鹿港公会堂は、台湾・彰化県鹿港鎮に位置する重要な歴史建築で、2000年7月14日に県定古跡として指定されました。この場所はかつて廈郊会館や蘇府王爺を祀る萬春宮が建っていた歴史ある場所で、それらが取り壊された後、現在の公会堂が建てられました。2010年より、この建物は鹿港芸文館へと転用され、芸術公演や地域文化の発信拠点として活用されています。
建築スタイルは、近代的要素と伝統的要素の融合が特徴です。構造は鉄筋コンクリートの梁柱構造を主体とし、屋根構造は木造と鋼トラスの混合構成で、屋根材にはセメント瓦が用いられており、当時の建築技術と材料の過渡期的特徴を表しています。外壁は洗い出し仕上げで、当時流行した建築デザインのひとつです。

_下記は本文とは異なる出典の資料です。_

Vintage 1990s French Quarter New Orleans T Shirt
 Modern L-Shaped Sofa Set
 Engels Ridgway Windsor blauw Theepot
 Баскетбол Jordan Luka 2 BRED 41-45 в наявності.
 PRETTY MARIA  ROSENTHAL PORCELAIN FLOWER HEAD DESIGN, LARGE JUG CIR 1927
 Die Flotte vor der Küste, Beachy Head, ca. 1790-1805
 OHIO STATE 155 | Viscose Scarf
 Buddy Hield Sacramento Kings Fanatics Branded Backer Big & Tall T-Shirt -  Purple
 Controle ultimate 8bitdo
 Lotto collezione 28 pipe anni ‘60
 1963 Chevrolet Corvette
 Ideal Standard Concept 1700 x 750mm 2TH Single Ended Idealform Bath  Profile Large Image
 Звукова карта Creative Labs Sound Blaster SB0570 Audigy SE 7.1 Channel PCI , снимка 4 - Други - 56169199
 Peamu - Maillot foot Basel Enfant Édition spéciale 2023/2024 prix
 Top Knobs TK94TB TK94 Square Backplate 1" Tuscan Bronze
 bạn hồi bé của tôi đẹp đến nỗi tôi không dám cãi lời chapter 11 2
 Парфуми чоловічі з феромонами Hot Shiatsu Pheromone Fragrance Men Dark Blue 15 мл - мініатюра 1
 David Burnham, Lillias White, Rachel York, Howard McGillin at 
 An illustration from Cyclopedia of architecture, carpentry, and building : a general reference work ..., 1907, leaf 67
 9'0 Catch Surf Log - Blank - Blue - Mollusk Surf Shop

意匠面では、鹿港公会堂はアール・デコ(Art Deco)の影響を強く受け、屋根には日本の伝統的な入母屋造りを採用しています。内部装飾には六角形の釉薬タイルや地元の装飾模様など、台湾の在地的要素が取り入れられており、異文化が融合した独特の美意識を感じさせます。特筆すべき点としては、公会堂の一部建材が旧萬春宮から再利用されており、歴史的記憶を継承していることです。